- Hackers are stealing the employees’ user credentials for resale on criminal forums and marketplaces.
- A phishing site masquerading as a login page for the United Nations Unite Unity is used to trick the victims.
Security researchers have discovered a new phishing campaign that targets the United Nations staff. Through the campaign, the hackers are stealing employee credentials for reselling on criminal forums and marketplaces.
How does it work?
Researchers at Anomali Labs found that a phishing site masquerading as a login page for the United Nations Unite Identity was used to trick the victims. The UN Unite Identity is a single sign-on (SSO) application used by UN staff.
When visitors attempt to login into the fraudulent page, their browser is redirected to a bogus invitation for a film viewing at the Poland Embassy in Pyongyang.
The fake login page that bears a resemblance to the legitimate one has been found to be 'cloud[.]unite[.]un[.]org[.]docs-verify[.]com'.
“When navigating to the suspicious subdomain, users are displayed with a phishing site mimicking a United Nations’ Unite Identity login page. The phishing site requests users enter their email address ending in @un[.]org and Unite Identity password. The phishing page, a cloned version of the legitimate site, warns users of fake UN websites designed to steal usernames and passwords as well as provides a copy of the website address for the legitimate Unite Identity login page,” the researchers explained.

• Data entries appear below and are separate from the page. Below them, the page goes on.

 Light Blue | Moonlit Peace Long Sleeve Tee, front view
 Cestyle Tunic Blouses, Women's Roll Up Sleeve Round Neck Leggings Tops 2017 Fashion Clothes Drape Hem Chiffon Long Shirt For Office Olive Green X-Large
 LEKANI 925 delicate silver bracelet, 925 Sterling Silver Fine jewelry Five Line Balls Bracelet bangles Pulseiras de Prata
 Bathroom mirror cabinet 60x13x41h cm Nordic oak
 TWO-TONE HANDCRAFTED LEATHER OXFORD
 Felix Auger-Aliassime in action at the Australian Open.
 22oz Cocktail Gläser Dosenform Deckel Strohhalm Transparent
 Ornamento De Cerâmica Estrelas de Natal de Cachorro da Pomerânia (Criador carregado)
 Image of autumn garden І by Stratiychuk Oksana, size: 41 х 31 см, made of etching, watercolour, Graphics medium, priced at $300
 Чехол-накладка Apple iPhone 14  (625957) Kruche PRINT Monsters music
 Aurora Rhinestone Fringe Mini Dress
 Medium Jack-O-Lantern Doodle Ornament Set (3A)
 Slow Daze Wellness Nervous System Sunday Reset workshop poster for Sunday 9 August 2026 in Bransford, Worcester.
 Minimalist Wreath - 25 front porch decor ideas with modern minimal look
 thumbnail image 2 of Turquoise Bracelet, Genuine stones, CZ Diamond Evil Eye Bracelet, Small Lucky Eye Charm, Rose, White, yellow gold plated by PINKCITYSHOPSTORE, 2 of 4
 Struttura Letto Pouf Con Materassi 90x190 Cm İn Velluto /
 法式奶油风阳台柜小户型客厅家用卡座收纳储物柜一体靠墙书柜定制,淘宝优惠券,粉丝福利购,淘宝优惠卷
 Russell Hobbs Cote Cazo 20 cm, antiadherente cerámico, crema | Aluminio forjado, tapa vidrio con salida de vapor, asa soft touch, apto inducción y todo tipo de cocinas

Domain and IP Address analysis
‘Whois’, a domain that lookups for domain registrant information, found that the ‘verify[.]com was registered with Malaysian Registrar and Hosting provider Shinjiru Technology Sdn Bhd on August 1, 2018. The parent domain and the associated IP addresses that are a part of the campaign resolved to the Malaysia-based IP address 111.90.142[.]52 belonging to Shinjiru Technology Sdn Bhd - which is the host for 33 total domains.
The researchers noted that, “A review of these 32 additional domains uncovered multiple suspect sites which include phishing sites targeting Visa Vanilla Gift Cards, Caixa Bank of London, and First Texas Bank.”